Micah Hilton

Personal information
- Date of birth: 2 October 1985 (age 39)
- Place of birth: Plymouth, Montserrat
- Position(s): Goalkeeper

Team information
- Current team: P.C. United FC

Senior career*
- Years: Team / Apps / (Gls)
- 2009–: P.C. United FC

International career^{‡}
- 2010–: Montserrat / 3 / (0)

= Micah Hilton =

Micah Hilton (born 2 October 1985) is a football goalkeeper in Montserrat who plays for P.C. United FC. He has made three appearances for the Montserrat national team.

==Career==
===Club career===
Hilton played for P.C. United FC in the Montserrat Championship from 2009.
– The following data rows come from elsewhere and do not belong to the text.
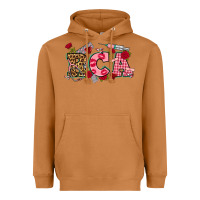 Meerkat valentines day rca Heavyweight Hoodie - NancyCooperArtShop
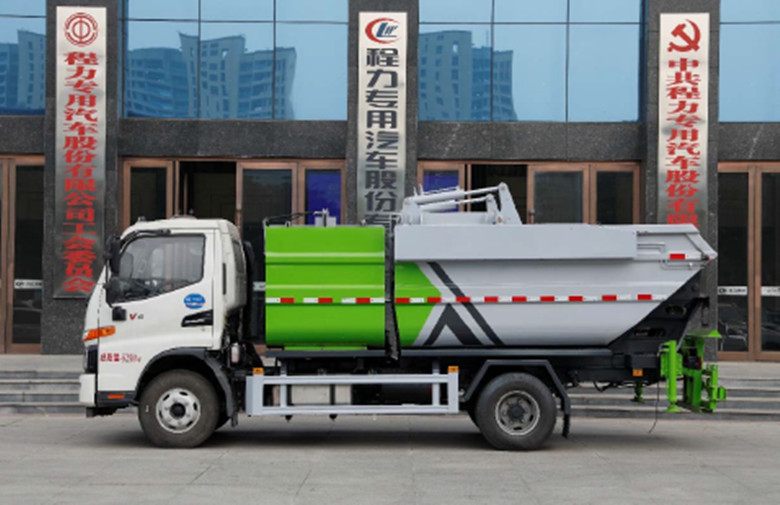 壓縮分撿垃圾運(yùn)輸車(chē)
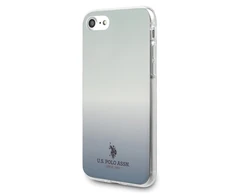 Dėklas „Us Polo Assn“ „US Polo“ USHCI8TRDGLB „Apple iPhone 7/8/SE 2020/SE 2022“ mėlynas gradiento rašto kolekcija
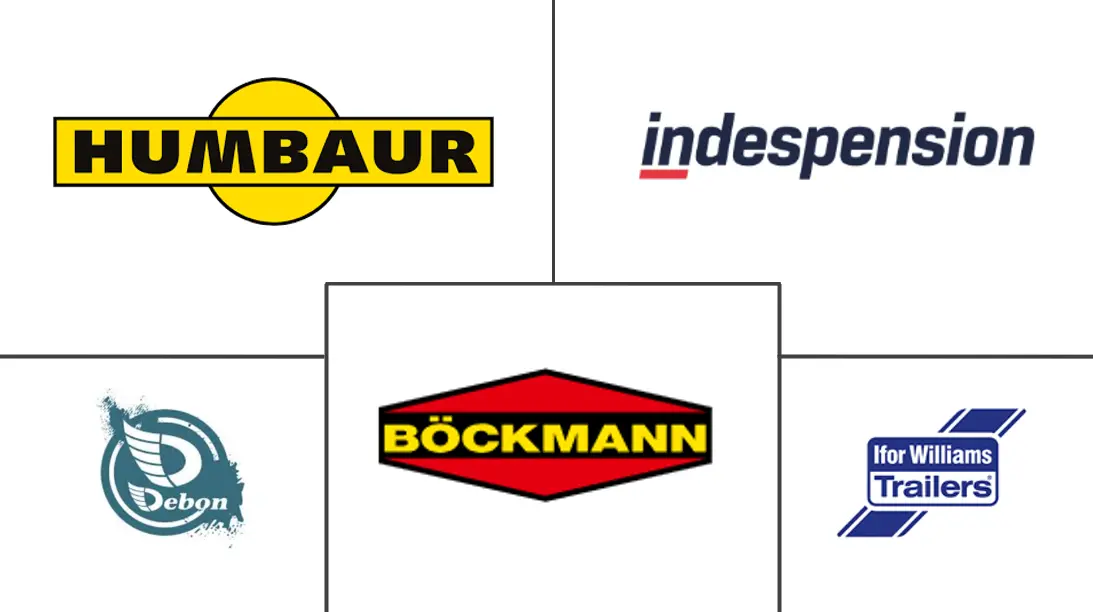 Major players in Europe Light Commercial Vehicle Trailer industry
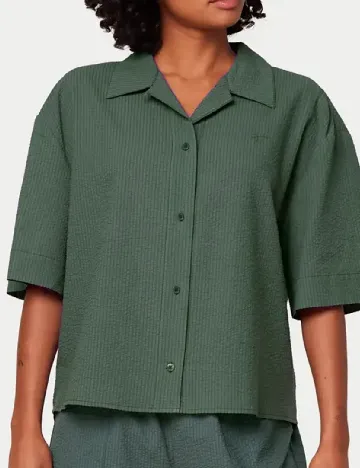 Bluza de pijama Triumph, verde Verde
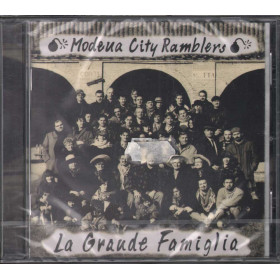 Modena City Ramblers CD La Grande Famiglia Mescal Black Out 532 176-2 Sigillato Modena City Ramblers -  CD La Grande Famiglia Nuovo Sigillato 0731453217621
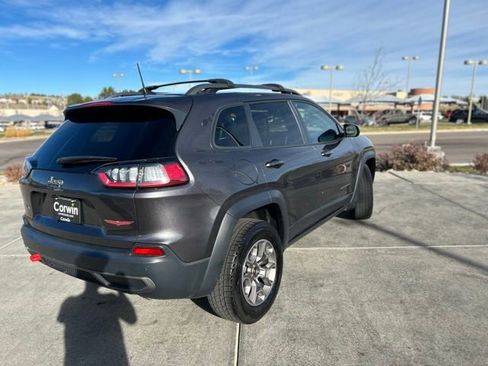 Used 2020 Jeep Cherokee Trailhawk w/ Cold Weather Group image 8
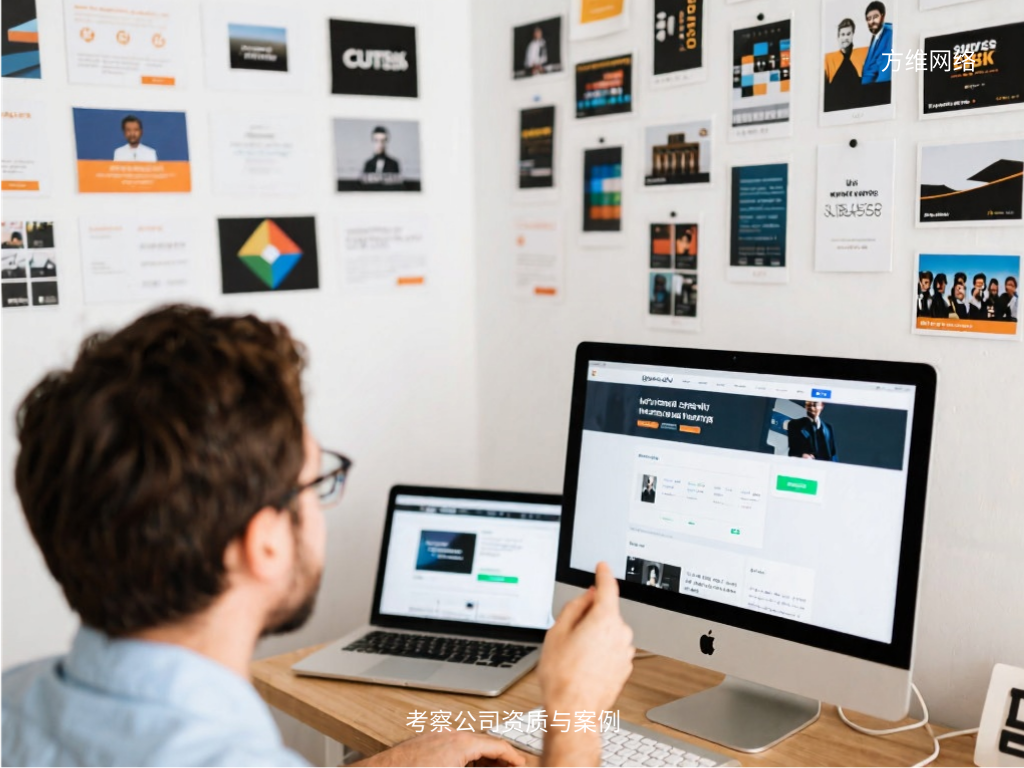 考察公司資質與案例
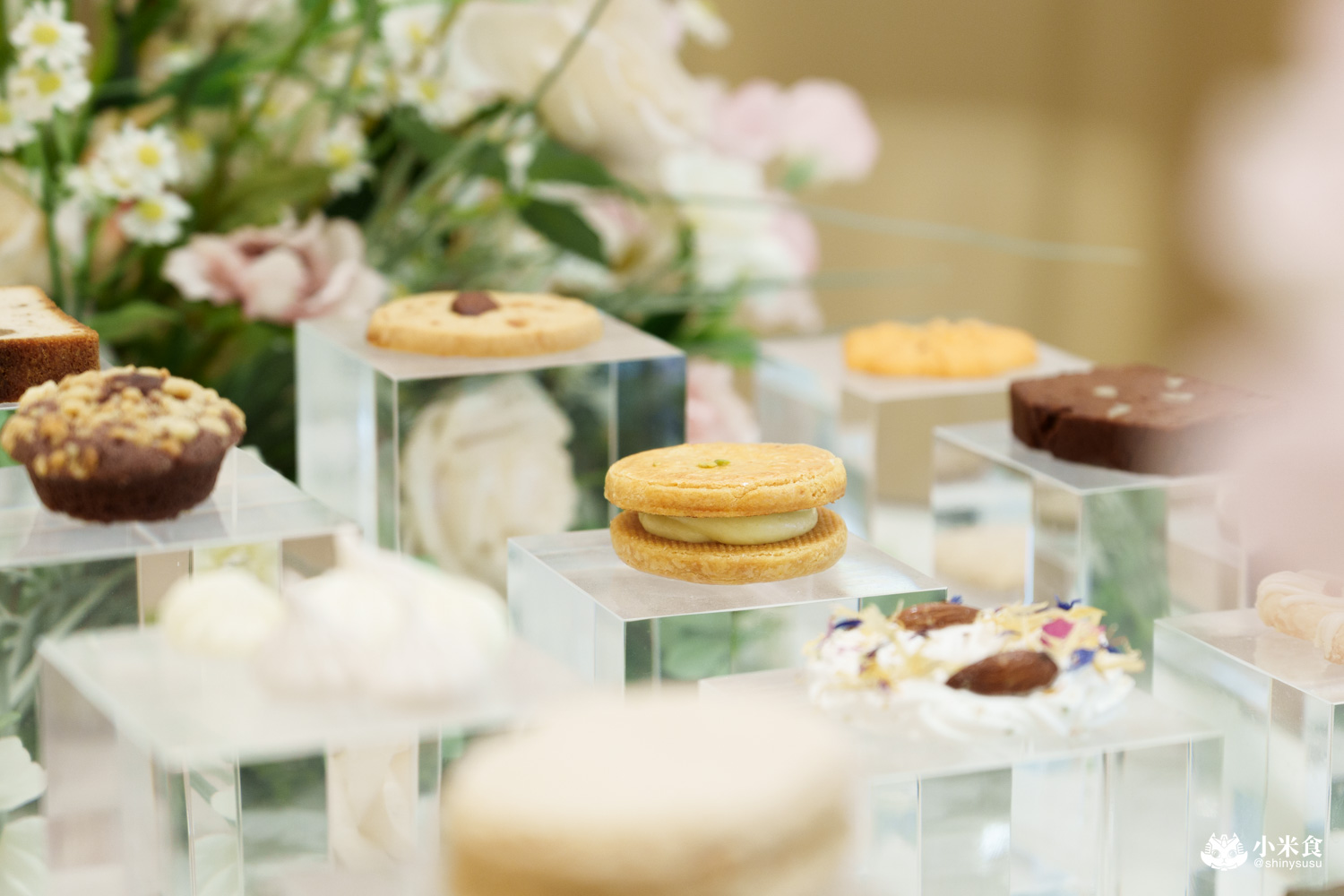 台中市西區Bloom花神精品法式喜餅｜浪漫花草系，牽起愛情想像，2025喜餅推薦，台中手工喜餅禮盒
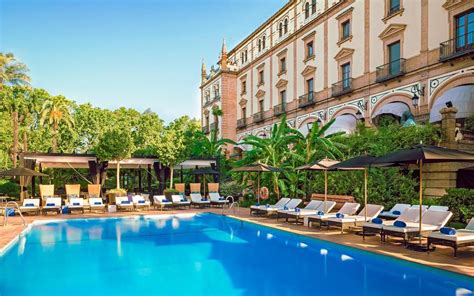 luxury hotels  seville telegraph travel
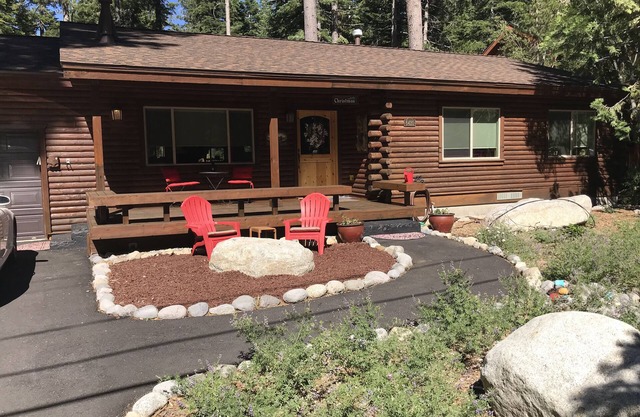 Beautiful Chambers Landing Cabin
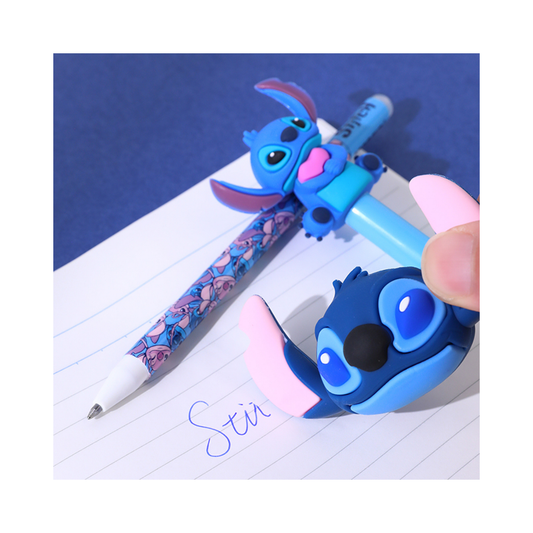 Goma Borrable Stitch Wero 3D Escolar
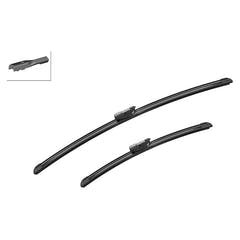 Bosch Aerotwin Flatblade jeu de balais d’essuie-glace A138S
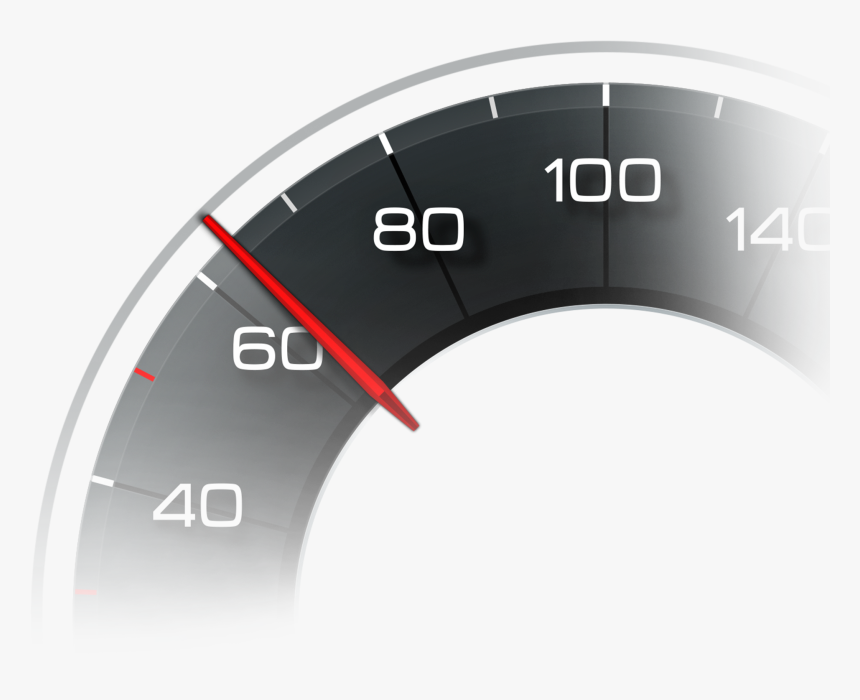 Vorsprung Durch Präzision - Speedometer, HD Png Download, Free Download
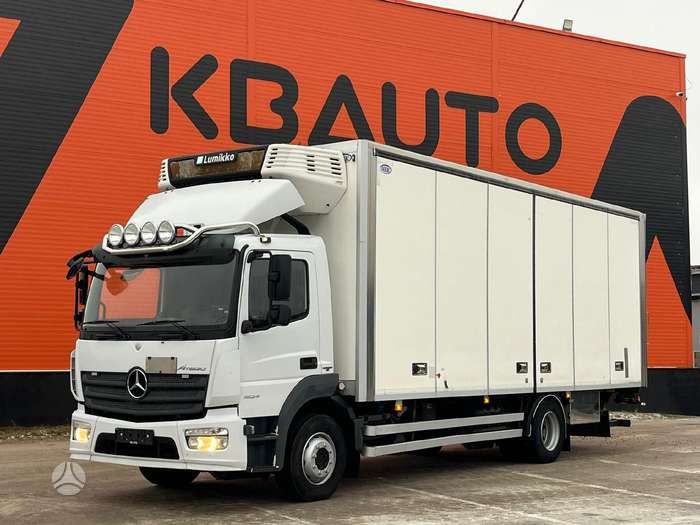 Mercedes Benz Atego X Refri Er Tori M A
===International career===
His first international appearance came on 10 June 2010 in a Caribbean Cup qualifying match against Saint Vincent & the Grenadines which, despite some brave keeping from Hilton, ended in a 7–0 defeat. Despite this defeat, Hilton retained his place for the match against Barbados two days later, in which he conceded a further five goals, as a result of which, he lost his place to Jermaine Sweeney.

Hilton's third international appearance came in a World Cup qualification match against Belize on 15 June 2011; this match ended in a 5–2 defeat, allowing Sweeney to reclaim his place.